Atriz de 23 anos fala do processo para dar vida à complexa Nina, de "Dona de mim", e de como o ofício de atriz a afeta: "Raras vezes sinto que estou de fato trabalhando", observa ela, que tem no currículo a série "A vida pela frente" e a novela "Vai na fé"

Flora Camolese, atriz -  (crédito: Lucas Affonso/Divulgação)
Flora Camolese, atriz - (crédito: Lucas Affonso/Divulgação)

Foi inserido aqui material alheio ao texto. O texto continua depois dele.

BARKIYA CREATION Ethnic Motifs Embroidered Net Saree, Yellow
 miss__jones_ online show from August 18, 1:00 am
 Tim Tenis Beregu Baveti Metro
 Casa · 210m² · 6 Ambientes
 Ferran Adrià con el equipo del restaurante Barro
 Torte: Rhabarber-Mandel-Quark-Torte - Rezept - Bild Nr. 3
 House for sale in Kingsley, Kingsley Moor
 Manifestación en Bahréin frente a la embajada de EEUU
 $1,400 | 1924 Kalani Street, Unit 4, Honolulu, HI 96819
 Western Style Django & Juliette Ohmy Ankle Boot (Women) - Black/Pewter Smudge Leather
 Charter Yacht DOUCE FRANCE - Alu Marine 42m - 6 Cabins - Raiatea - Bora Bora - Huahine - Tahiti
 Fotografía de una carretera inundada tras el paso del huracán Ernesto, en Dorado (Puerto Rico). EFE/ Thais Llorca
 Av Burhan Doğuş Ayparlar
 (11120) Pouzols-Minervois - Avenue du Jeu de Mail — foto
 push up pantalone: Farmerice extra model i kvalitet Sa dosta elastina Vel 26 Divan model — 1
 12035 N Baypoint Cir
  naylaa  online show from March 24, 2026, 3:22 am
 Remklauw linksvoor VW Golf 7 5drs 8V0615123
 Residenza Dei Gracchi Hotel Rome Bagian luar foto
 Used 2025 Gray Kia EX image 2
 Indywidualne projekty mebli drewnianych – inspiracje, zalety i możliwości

Há um certo mistério em atrizes que conseguem, com sutileza, transformar personagens em espelhos. Flora Camolese, aos 23 anos e no terceiro trabalho no audiovisual, parece dominar essa alquimia. Em Dona de mim, sua Nina é uma tempestade contida: filha distante de Filipa (Cláudia Abreu), ela carrega nas costas o peso de uma infância abandonada e, nas atitudes, a ambiguidade de quem oscila entre a revolta e a necessidade desesperada de ser vista.

Não é a primeira vez que Flora mergulha em águas profundas. Protagonista da série A vida pela frente, dirigida por Leandra Leal, e intérprete da vibrante Bia, em Vai na fé, ela já demonstrava uma maturidade rara para sua idade. Mas Nina é diferente — exige mais. "O maior desafio foi não julgá-la", confessa a atriz à Revista. "Ela age de um jeito que eu jamais agiria, e justamente por isso me fascina", completa ela, que chegou a cursar o primeiro semestre no Lee Strasberg Theatre and Film Institute, em Nova York, antes de ser chamada para o primeiro papel de destaque na tevê.

Para construir essa figura complexa, Flora mantém um diário íntimo da personagem, anotando pensamentos e justificativas invisíveis ao roteiro. Trabalha com preparadores como Helena Varvaki e Leo Lacca, mas é nos olhares trocados com Cláudia Abreu e Tony Ramos que encontra a centelha definitiva. "Eles são generosos, inteiros. A Cláudia me provoca, o Tony me ensina sobre escuta. É uma honra."

A vilania sutil de Nina — se é que se pode chamá-la assim — não nasce do vazio, mas de feridas antigas. Flora insiste nisso: "Por trás de qualquer comportamento existe uma história". E talvez seja essa a chave para sua interpretação: a capacidade de encontrar humanidade até onde há apenas sombra.

Fora das câmeras, Flora fala de moda como quem fala de arte — "é uma extensão da narrativa" — e do teatro como um amor antigo que ainda a chama. Mas é no presente, no ritmo frenético da novela, que ela se encontra. "Novela é entrega no primeiro take. Não há tempo para artesania, só para verdade." Sobre começar cedo a trabalhar, ela conclui: "É uma ocupação lúdica que envolve o brincar, experimentar, se divertir. É um privilégio enorme poder ter esse ofício, que me mantém curiosa e viva o tempo todo".

Flora Camolese, atriz
Flora Camolese, atriz (foto: Lucas Affonso/Divulgação)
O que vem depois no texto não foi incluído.